G210, GT220 deviceQuery?

Now that the G210 as well as GT220 are about to hit retail, would somebody care to post the output from ‘deviceQuery’ for those cards?

Are these going to be the first compute 1.2 capable cores in the wild, or are they just G9x cores shrunk onto TSMCs 40nm rule?

From gpugrid.net forums

02/09/2009 19:28:49 CUDA device: GeForce GT 220 (driver version 19062, compute capability 1.2, 1024MB, est. 23GFLOPS)

Voila, it’s Compute 1.2

I am pretty dissatisfied with nVidia’s information policy regarding the newer laptop and OEM/mid range chips. It’s really hard to get any reliable information before product launch day.

Christian

OK, so the GT220 is compute 1.2 and therefore has more registers. Thats great! How about “Support host page-locked memory mapping” and “Concurrent copy and execution” then?

The G210 has 16 shaders (rather than an expected 24) which would be consistent with a die shrink of a 9400GT and compute 1.1 but … what is it actually?

Compute 1.2 should all support zero-copy and async memcpys. (I haven’t actually checked this, I’m going off of memory, but I’m pretty sure I’m right)

Well, could you? I am not asking for a big release with trumpets and elephants, not even a candlelight moment - just a deviceQuery so the card won’t be buried in total silence.

I’d like to ask for the fanfares and trumpets and for the detailed CUDA compute specs to be included on the product page of each chip.

Just stating DirectX capability, number of shaders, clock rates is not enough for us coders.

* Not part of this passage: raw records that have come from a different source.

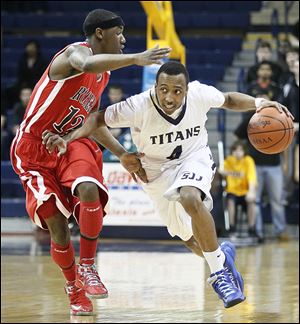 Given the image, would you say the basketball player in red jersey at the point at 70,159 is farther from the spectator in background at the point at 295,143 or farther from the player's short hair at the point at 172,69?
the spectator in background at the point at 295,143

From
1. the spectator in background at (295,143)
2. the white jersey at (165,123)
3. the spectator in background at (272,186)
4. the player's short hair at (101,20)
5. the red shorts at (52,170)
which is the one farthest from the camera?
the spectator in background at (272,186)

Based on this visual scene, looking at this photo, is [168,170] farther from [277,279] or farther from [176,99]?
[277,279]

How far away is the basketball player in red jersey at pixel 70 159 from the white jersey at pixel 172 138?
0.51 feet

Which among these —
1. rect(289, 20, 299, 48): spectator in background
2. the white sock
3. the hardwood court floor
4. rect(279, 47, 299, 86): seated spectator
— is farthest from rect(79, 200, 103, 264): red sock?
rect(289, 20, 299, 48): spectator in background

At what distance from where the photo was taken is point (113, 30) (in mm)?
6090

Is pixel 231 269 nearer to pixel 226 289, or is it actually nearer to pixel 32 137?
pixel 226 289

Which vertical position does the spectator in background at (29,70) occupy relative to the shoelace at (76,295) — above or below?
above

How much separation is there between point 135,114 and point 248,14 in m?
13.3

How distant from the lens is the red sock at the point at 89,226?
6255mm

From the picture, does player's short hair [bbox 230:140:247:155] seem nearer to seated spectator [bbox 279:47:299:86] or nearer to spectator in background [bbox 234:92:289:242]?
spectator in background [bbox 234:92:289:242]

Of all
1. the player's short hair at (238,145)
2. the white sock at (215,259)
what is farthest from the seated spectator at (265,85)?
the white sock at (215,259)

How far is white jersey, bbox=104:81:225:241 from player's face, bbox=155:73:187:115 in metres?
0.20

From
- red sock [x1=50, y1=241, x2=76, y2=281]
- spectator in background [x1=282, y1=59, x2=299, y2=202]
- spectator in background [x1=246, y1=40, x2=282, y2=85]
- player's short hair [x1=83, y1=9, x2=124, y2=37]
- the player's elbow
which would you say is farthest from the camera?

I’d be eternally grateful if you could forward this request to marketing and/or the web design guys.

Add a small “CUDA” section to the Technical Specifications page.

Christian

And more importantly - will current Linux and Windows CUDA drivers recognize the PCI device IDs of these cards?

Or will one have to install inofficial or Beta drivers?

Searching the nVidia driver download page for a driver supporting GT220 on 32 bit Linux comes up empty, even when including Beta drivers. Sigh

Christian

GT220 is supported in 190.36 and has VDPAU feature set ‘C’:

GeForce GT 220 0x0A20 C

GeForce GT 230M 0x0A2A C

GeForce GT 240M 0x0A34 C

GeForce G210 0x0A60 C

GeForce G210M 0x0A74 C

GeForce GTS 260M 0x0CA8 C

GeForce GTS 250M 0x0CA9 C

ftp://download.nvidia.com/XFree86/Linux-x…appendix-a.html

Just bought a cheap GT220 model with 1GB of DDR2 memory for 58 Euros. Will post the deviceQuery string tomorrow or so.

Christian

Taking a bullet for the team? External Media

Purely for egoistic reasons. I am running out of registers on the G80/G92 architecture and wanted to get Compute 1.2 on the cheap.

The GT220 hasn’t exactly been setting the world on fire in the gaming benchmark stakes, but it should make a great CUDA development card. 48 cuda capability 1.2 MPs should perform pretty well on compute bound tasks with all that extra register file space and niceties like shared memory atomics.

Dear nVidia, you’ve got to be kidding me. The card has been in retail channels all week. We need working Linux drivers, please.

(II) NVIDIA dlloader X Driver  190.36  Wed Sep 23 07:47:56 PDT 2009

(II) NVIDIA Unified Driver for all Supported NVIDIA GPUs

(II) Primary Device is: 

(EE) No devices detected.

UPDATE:

Dear nVidia, I apologize.

xorg expected me to specify a BusID in the device section, probably because I had two cards in the machine and it could not determine on its own which one to use. The driver works now.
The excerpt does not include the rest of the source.